Você (não) está aqui
ATÉ HÁ POUCO TEMPO, QUANDO VIAJÁVAMOS, o recepcionista do hotel tinha sempre à mão para nos entregar um mapa desdobrável que, regra geral, exibia no verso anúncios a restaurantes e espectáculos caça-turistas e uma planta ampliada do centro da cidade onde estavam assinalados com desenhos ingénuos os sítios que não podíamos deixar de visitar. E fazia um círculo a esferográfica na rua do hotel — como quem diz «Você está aqui» —, marcando o início da caminhada e mostrando o trajecto até ao destino. Lembro-me também de ser comum encostar o carro à berma numa cidade desconhecida e abrir o vidro para perguntar a um transeunte onde ficava determinada rua. Contávamos connosco e com a bondade de estranhos.
Hoje o GPS e a aplicação Google Maps vieram substituir este tipo de abordagem mais humana. Quando vamos de carro para um lugar que não conhecemos, basta inscrevermos o endereço no sistema de navegação e, se tudo correr bem, iremos lá dar; e, ao andarmos a pé no estrangeiro, já é vulgar vermos turistas — e não só os mais novos — levarem o telemóvel na mão a debitar com voz robotizada as direcções a tomar até determinado museu ou restaurante. O facto de não tirarem os olhos do ecrã faz, porém, com que por vezes alguns batam com a cabeça na esquina de um prédio (já assisti) e outros vejam tudo menos o percurso, que é o que interessa quando se caminha numa cidade desconhecida. Já li até que estes mecanismos inventados para nos aproximar estão a tornar-nos curiosamente mais alheados, baralhados e perdidos.
Exemplos: o número crescente de pessoas que perdem o carro dentro de parques de estacionamento; os mais de cem acidentes causados por condutores viajando em contramão só no último ano em Portugal; a agente da polícia americana que matou um homem que encontrou a assaltar-lhe a casa quando, afinal, o seu apartamento era no andar de cima (ups!); e também a história seguinte, que dá que pensar (não se riam).

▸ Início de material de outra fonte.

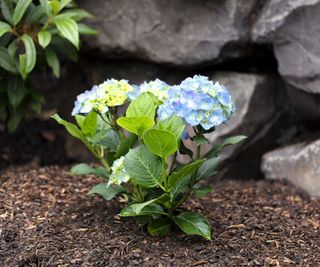 Hydrangea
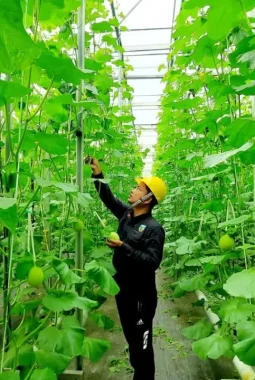 Pertamina Kembangkan Energi Panas Bumi Non-Listrik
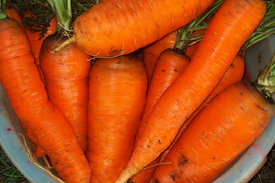 Как посеять морковь 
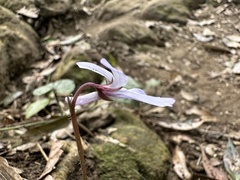 Viola formosana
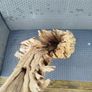 Driftwood Image 4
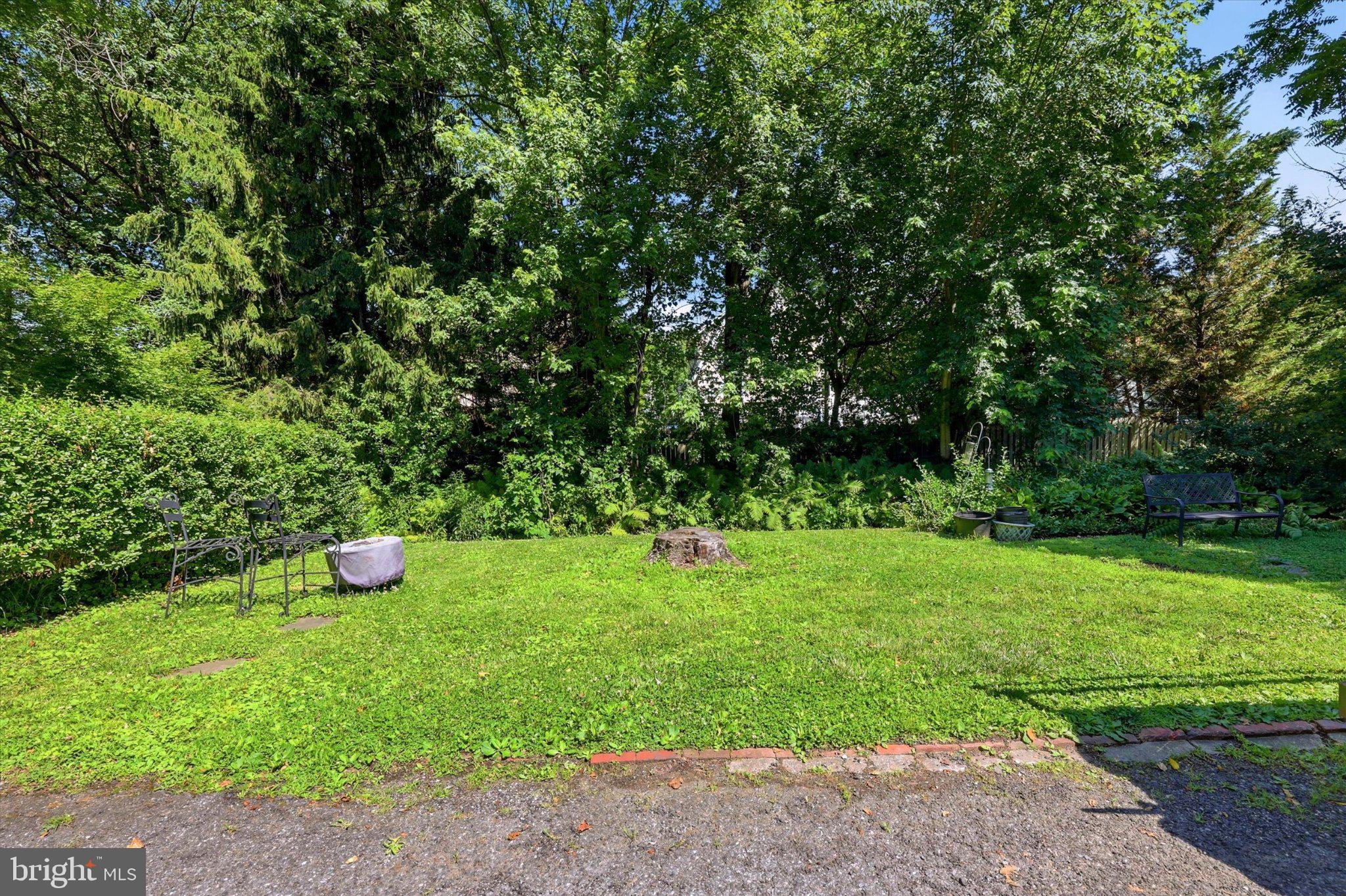 107 Plant Avenue Wayne, PA 19087 - Photo 2 of 15 Lush green retreat with cozy seating.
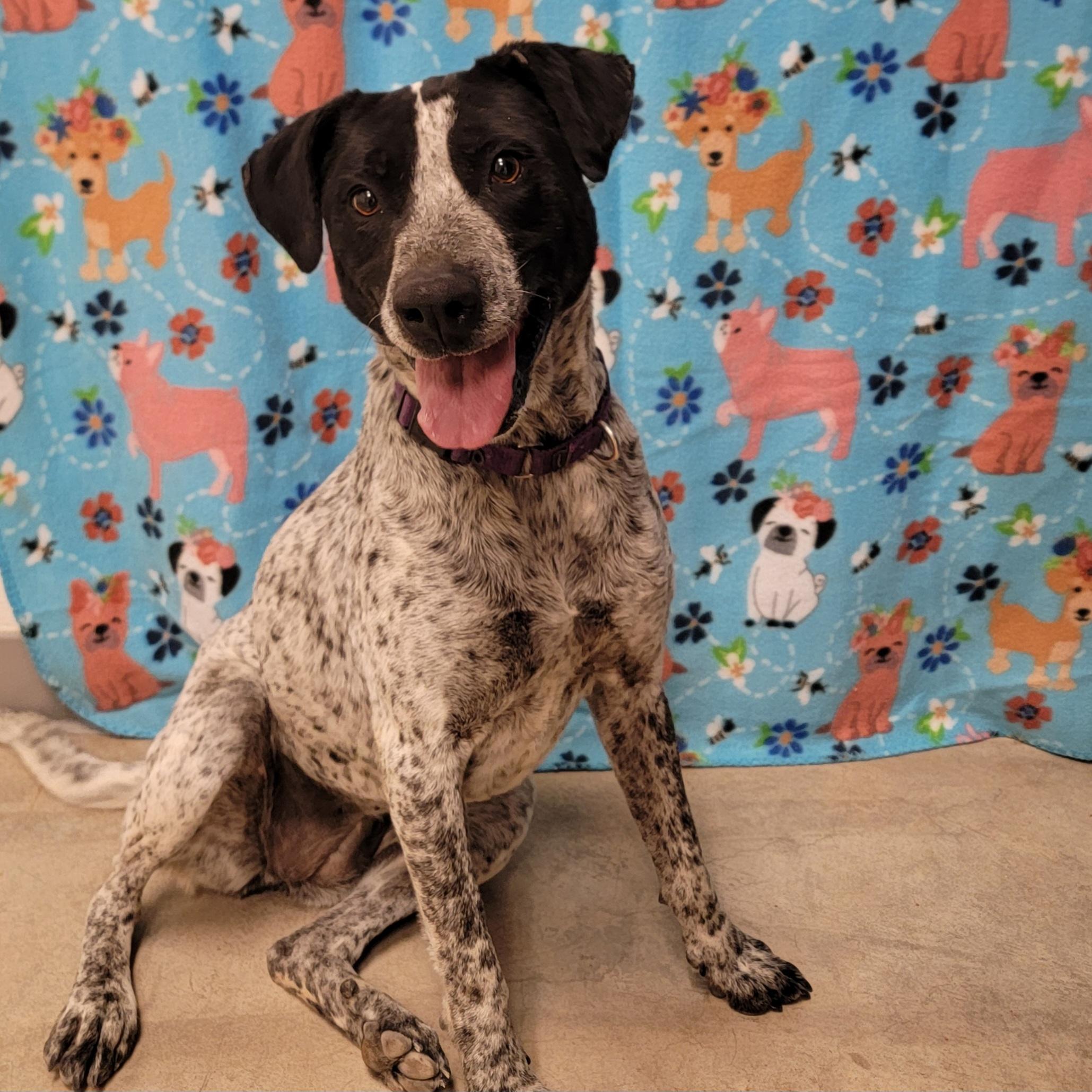 Enlarge Flaca, a ADOPTABLE mixed breed in ALPINE, TX image 4/6
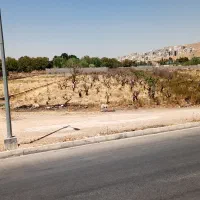 فردش باغ انگور|فروش زمین و ملک کلنگی|شیراز, دکتر حسابی|دیوار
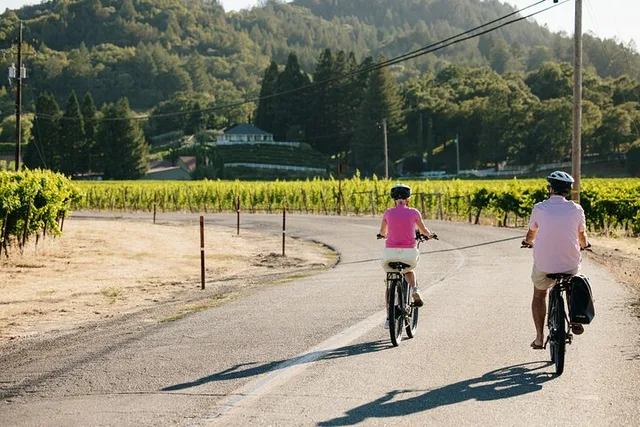 Sonoma Electric Bike Wine Tasting Tour with Lunch - Image 5
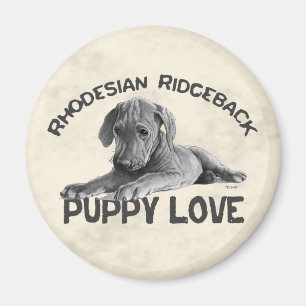 Rhodesian Ridgeback Drawing Magnet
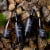 The Icon Rock Signature Sauvignon Blanc New Zealand White Wine Perspective: left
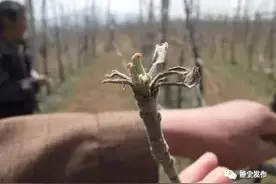 「技术」年度大总结！苹果树病虫害识别图谱图片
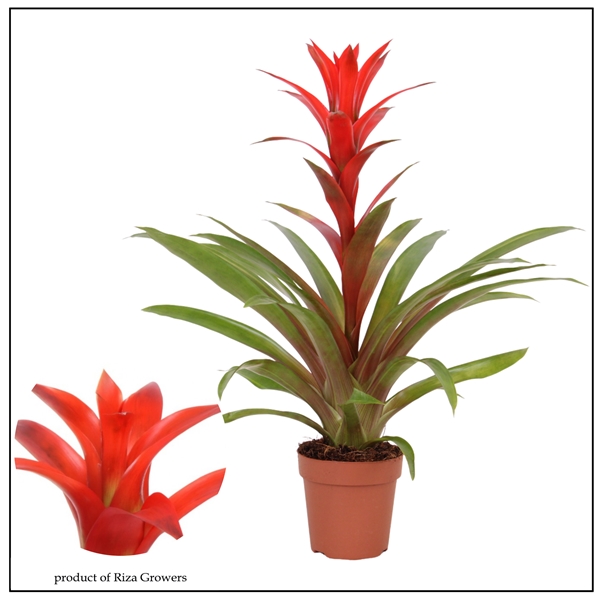 Guzmania Suerte Red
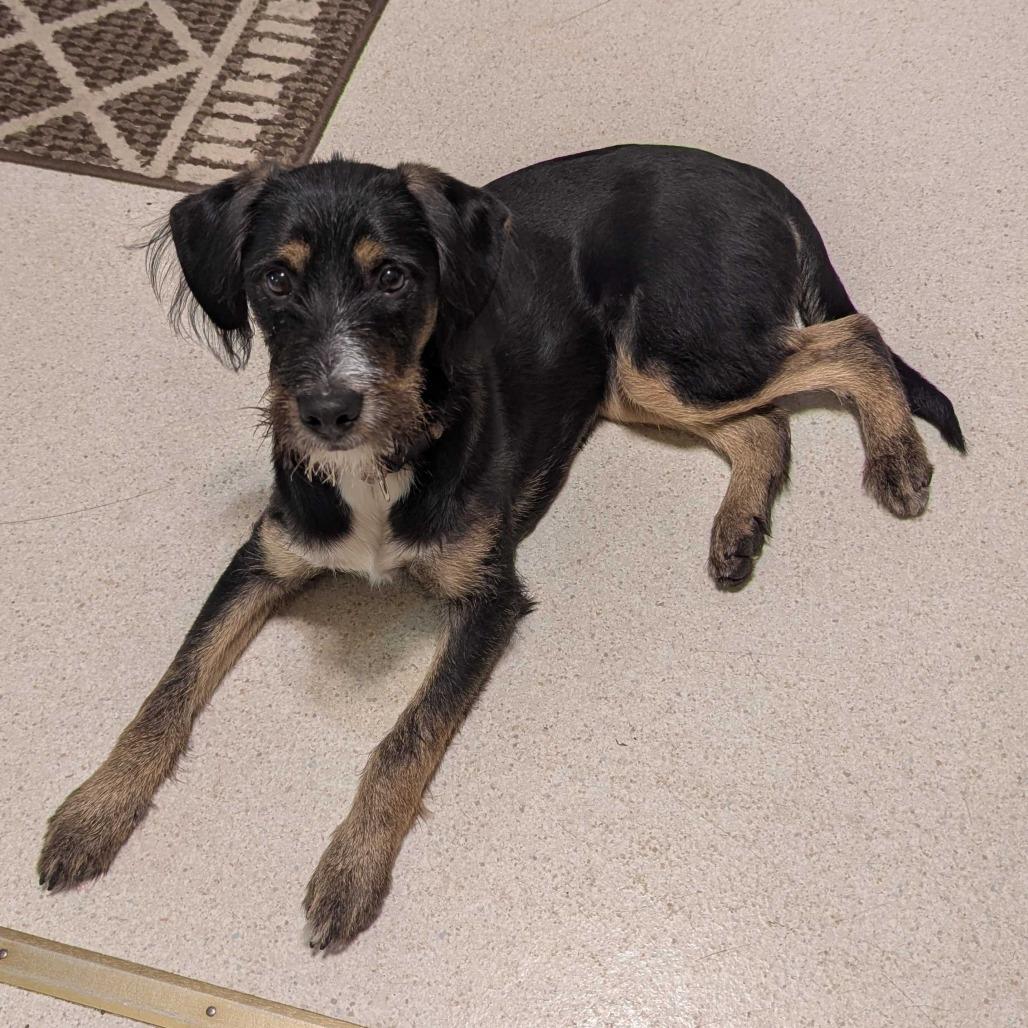 Reba, a Adoptable Mixed Breed in Glenfield, NY image 3/5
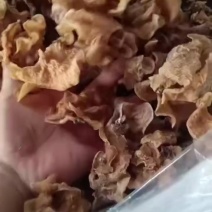 无根羊肚耳批发零售产地羊肚耳干羊肚耳当季羊肚耳沙耳羊肚耳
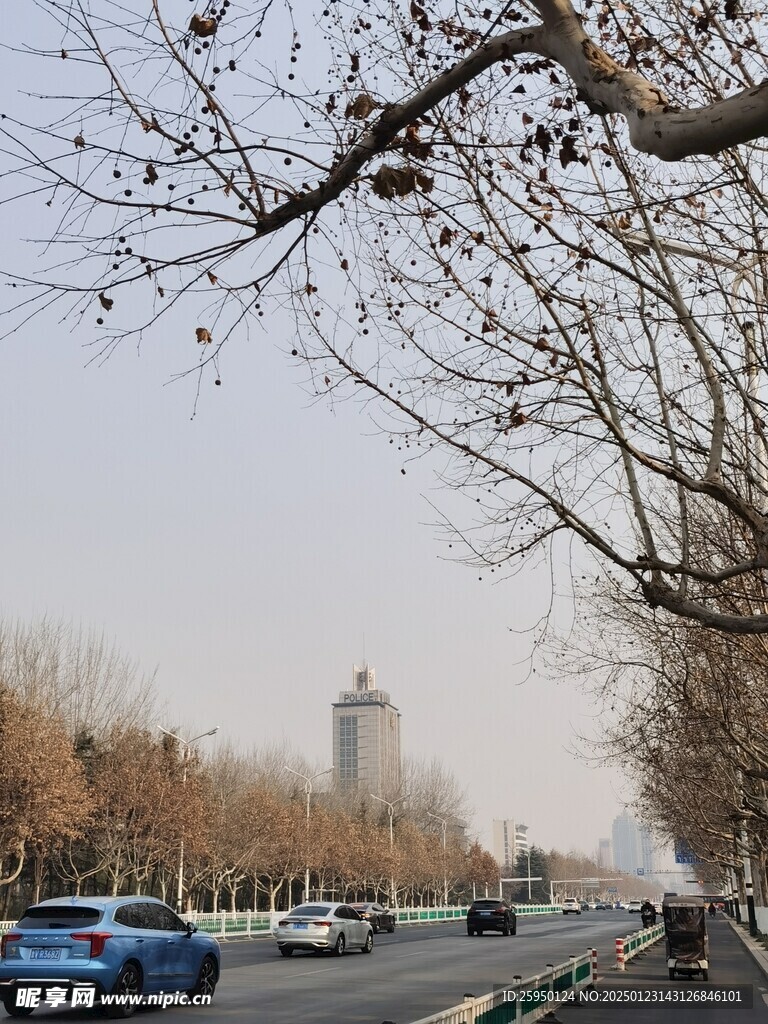 树杆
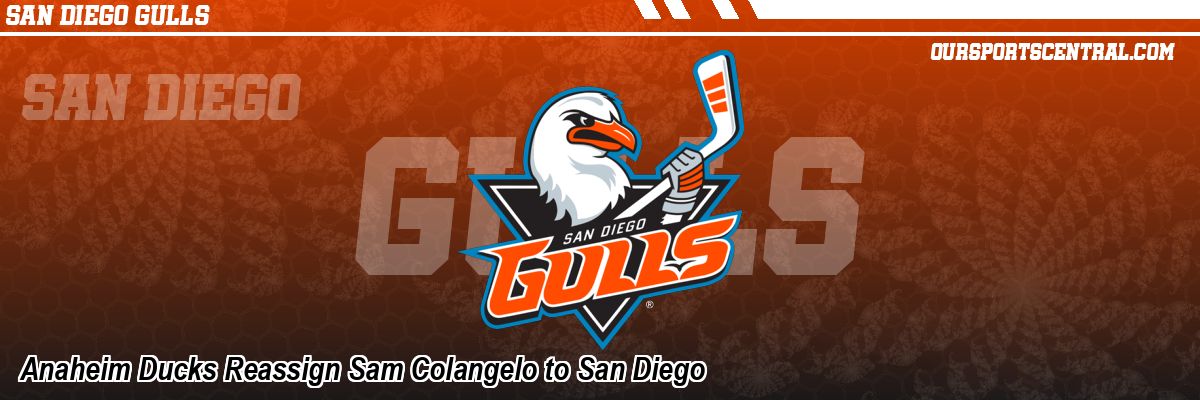 Anaheim Ducks Reassign Sam Colangelo to San Diego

Um grupo de turistas britânicos de visita à Islândia parou para ver o canyon Eldgjá que, dizem, é maravilhoso. No regresso ao autocarro, porém, deram por falta de uma das companheiras e resolveram ir à sua procura. Passou uma hora até que uma das excursionistas, concluindo não saber exactamente quem procurava, pediu uma descrição detalhada da desaparecida, ouvindo como resposta que era gordinha e loira e que vestia um anoraque roxo. Procurou-a ainda outra hora até que começou a sentir o friozinho islandês — e foi então que se lembrou do seu anoraque tão quentinho — roxo, por sinal — que despira horas antes e se encontrava pousado no banco do autocarro… Adeus, futuro.